先日GWの最中に鎌倉へ行ってきました。と言ってももちろん、寺社巡りではありません。昆虫写真家の森上信夫さんと、イモムシ専門家のイノウエケイコさんがご一緒という面子ですから、グルメ旅でないことも明らかですね。
鎌倉の休日の7不思議というタイトルなら、普通歴史秘話が語られるところですが、筆者が昆虫記者なので、そうは問屋が卸しません。歴史秘話など、全く知らないので、書きようがありません。
では、何の7不思議なのかというと、単なる駄洒落とこじつけです。
まず第1の不思議はナナフシ擬態。ほーら、ちゃんと「ナナフシギ」が入っていますね。ナナフシは大きくなると枝に擬態しますが、小さい幼虫は、木の葉の上にチョコンと乗っているので、恐らく葉脈に擬態しているのでしょう。
でも2匹並んでしまうと、葉脈としては不自然ですね。
続いて2つ目の不思議はナナフシギテントウ。そんなの、いません。ただのナナホシテントウですが、それが7匹いる偶然が不思議ですね。本当は10匹以上写っていた写真をトリミングしただけなので、何の不思議でもありません。それに、よーく見ると、7匹のつもりが、8匹目、9匹目がかすかに写ってしまっていました。

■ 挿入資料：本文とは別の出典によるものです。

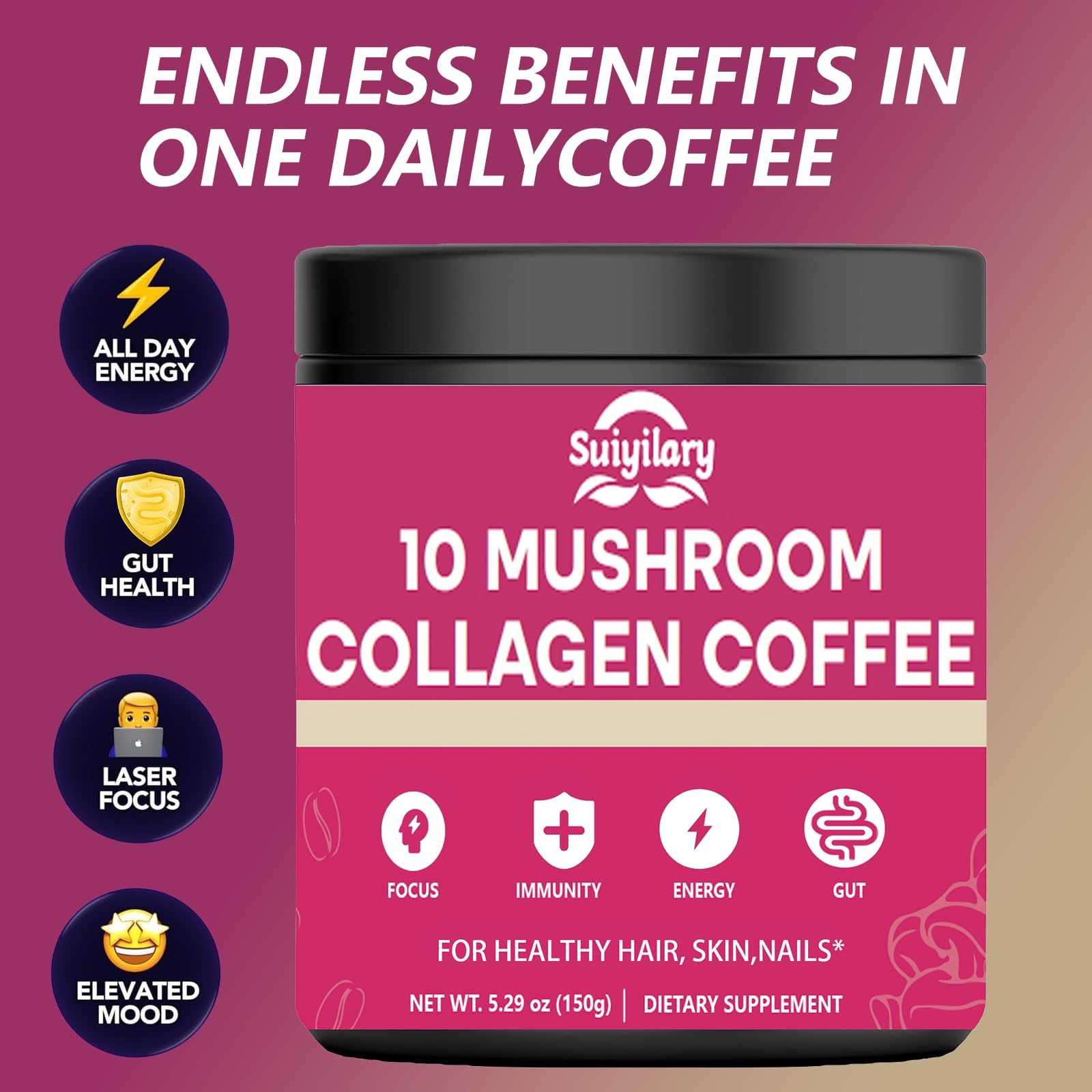 Jar of collagen peptides beside coffee mix for hair, nails, and joints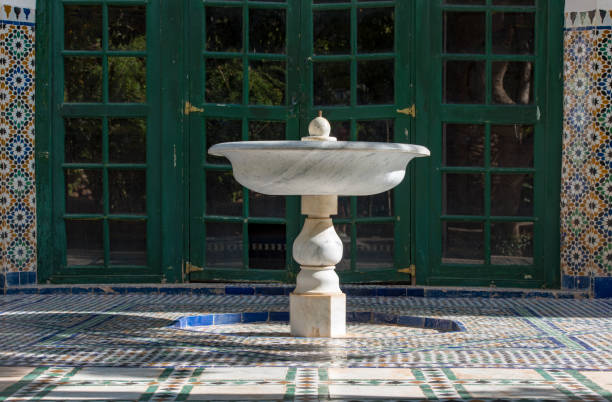 detalles del palacio interior de bahia en marrakech marruecos - casablanca moroccan culture style islam fotografías e imágenes de stock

3つ目の不思議は、エゴフシギゾウムシ。そんなのもいません。本当の名前はエゴシギゾウムシです。エゴの木にいるシギのように口の長いゾウムシなので、合わせてエゴシギゾウムシです。何の不思議もないですね。
4つ目の不思議は、同じエゴの木にいるエゴツルクビオトシブミです。交尾中のカップルで、後ろから攻撃しているのが当然オスです。そのオスの首が鶴のように長いので、ツルクビ。メスが必死にエゴの葉を巻いて作っているのが、卵を包む揺籃、通称「落とし文」です。」交尾しながら、揺籃を作り続けるなんて、不思議ですね。
たぶんこれは、メスが一心不乱に作業していたところ、オスが後から飛んできて「今だ、チャンスだ」とばかり、交尾におよんだということでしょう。単にどさくさ紛れの行動ということで、実は全然不思議ではないですね。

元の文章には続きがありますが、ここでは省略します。